WHAT THE TASK ASKS >>
Pictures are to be left out. Return exactly the lines below from the one with "Hope you guys" up to and including the one with "Today I'm going".

-- EXCERPTED DATA follows --

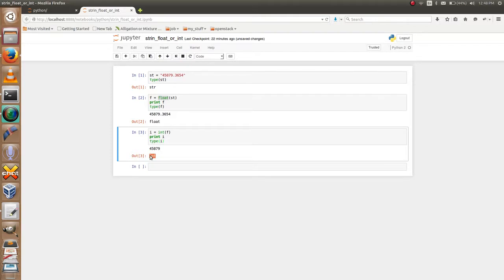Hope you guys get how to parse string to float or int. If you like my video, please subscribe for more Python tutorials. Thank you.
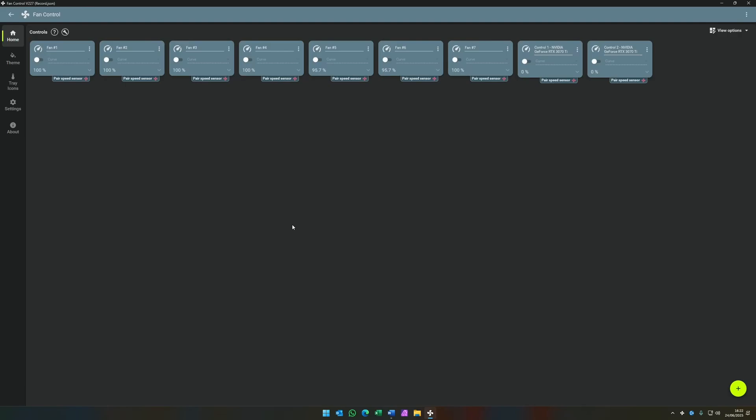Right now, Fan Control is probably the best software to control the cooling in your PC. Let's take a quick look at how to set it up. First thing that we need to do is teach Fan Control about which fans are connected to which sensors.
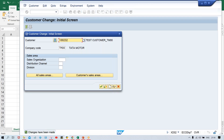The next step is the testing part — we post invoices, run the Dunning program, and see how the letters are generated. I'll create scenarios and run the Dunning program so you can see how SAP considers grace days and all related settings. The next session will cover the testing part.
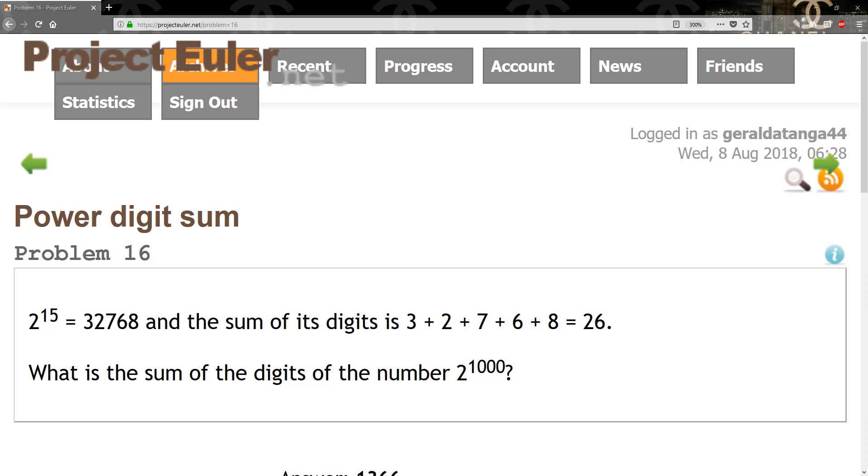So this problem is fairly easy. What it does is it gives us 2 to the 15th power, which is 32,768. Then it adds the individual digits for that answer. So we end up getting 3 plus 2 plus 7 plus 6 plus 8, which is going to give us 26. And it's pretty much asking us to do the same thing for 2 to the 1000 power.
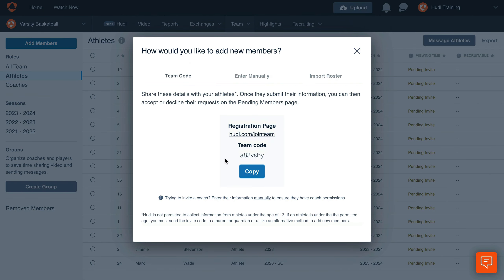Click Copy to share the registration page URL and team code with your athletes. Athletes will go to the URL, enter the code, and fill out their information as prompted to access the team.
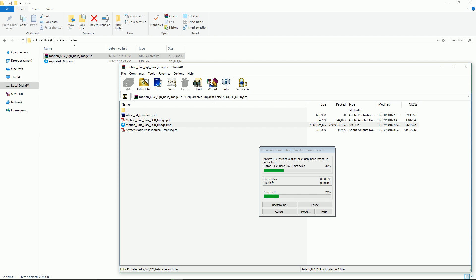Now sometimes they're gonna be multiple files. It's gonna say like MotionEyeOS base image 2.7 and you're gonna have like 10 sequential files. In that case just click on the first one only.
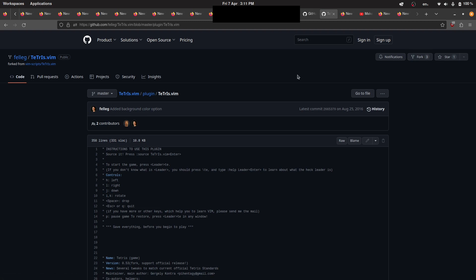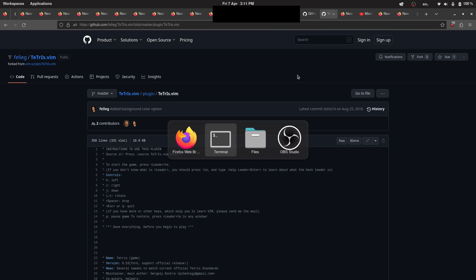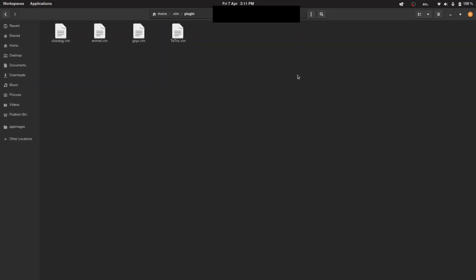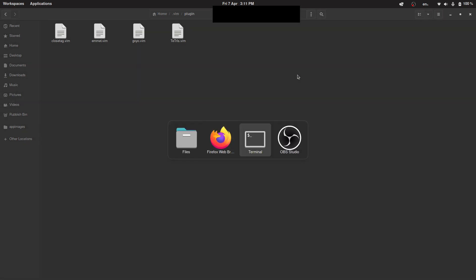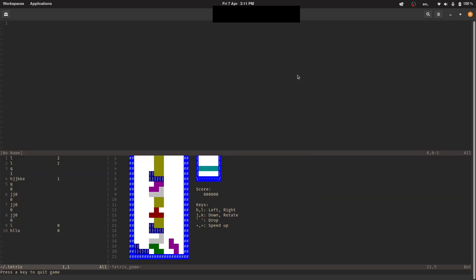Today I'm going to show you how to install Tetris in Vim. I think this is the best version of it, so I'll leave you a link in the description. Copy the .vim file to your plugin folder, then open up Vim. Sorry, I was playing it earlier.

-- EXCERPTED DATA concluded --
-- EXCERPTED DATA follows --

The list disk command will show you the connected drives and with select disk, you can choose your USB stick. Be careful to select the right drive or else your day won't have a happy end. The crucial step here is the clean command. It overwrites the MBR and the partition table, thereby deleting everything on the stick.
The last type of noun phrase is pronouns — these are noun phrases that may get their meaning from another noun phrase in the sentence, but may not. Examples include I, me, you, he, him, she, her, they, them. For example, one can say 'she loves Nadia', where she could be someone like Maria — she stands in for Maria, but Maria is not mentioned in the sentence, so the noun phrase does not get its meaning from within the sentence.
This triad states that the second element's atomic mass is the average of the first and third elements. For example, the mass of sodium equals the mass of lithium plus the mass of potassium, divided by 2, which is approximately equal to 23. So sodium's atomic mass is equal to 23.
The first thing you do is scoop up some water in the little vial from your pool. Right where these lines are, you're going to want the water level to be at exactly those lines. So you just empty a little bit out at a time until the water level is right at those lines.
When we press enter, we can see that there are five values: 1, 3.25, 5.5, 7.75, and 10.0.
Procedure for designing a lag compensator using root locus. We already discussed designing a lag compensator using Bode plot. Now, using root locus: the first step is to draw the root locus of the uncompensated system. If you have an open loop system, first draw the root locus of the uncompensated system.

-- EXCERPTED DATA concluded --
-- EXCERPTED DATA follows --

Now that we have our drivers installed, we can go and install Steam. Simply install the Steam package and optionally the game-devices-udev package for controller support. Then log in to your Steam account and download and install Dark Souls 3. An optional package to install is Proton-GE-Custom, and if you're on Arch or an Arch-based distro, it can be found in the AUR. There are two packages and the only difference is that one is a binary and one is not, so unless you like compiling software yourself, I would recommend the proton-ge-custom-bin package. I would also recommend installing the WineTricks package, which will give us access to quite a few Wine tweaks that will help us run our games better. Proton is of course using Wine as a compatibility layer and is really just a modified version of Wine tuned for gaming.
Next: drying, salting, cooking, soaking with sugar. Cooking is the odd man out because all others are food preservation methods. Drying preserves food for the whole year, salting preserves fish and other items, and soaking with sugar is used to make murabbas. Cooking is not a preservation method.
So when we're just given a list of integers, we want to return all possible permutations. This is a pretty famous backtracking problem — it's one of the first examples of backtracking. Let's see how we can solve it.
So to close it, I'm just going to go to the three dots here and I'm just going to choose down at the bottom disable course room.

-- EXCERPTED DATA concluded --

TASK OUTPUT >>
Hope you guys get how to parse string to float or int. If you like my video, please subscribe for more Python tutorials. Thank you.
Right now, Fan Control is probably the best software to control the cooling in your PC. Let's take a quick look at how to set it up. First thing that we need to do is teach Fan Control about which fans are connected to which sensors.
The next step is the testing part — we post invoices, run the Dunning program, and see how the letters are generated. I'll create scenarios and run the Dunning program so you can see how SAP considers grace days and all related settings. The next session will cover the testing part.
So this problem is fairly easy. What it does is it gives us 2 to the 15th power, which is 32,768. Then it adds the individual digits for that answer. So we end up getting 3 plus 2 plus 7 plus 6 plus 8, which is going to give us 26. And it's pretty much asking us to do the same thing for 2 to the 1000 power.
Click Copy to share the registration page URL and team code with your athletes. Athletes will go to the URL, enter the code, and fill out their information as prompted to access the team.
Now sometimes they're gonna be multiple files. It's gonna say like MotionEyeOS base image 2.7 and you're gonna have like 10 sequential files. In that case just click on the first one only.
Today I'm going to show you how to install Tetris in Vim. I think this is the best version of it, so I'll leave you a link in the description. Copy the .vim file to your plugin folder, then open up Vim. Sorry, I was playing it earlier.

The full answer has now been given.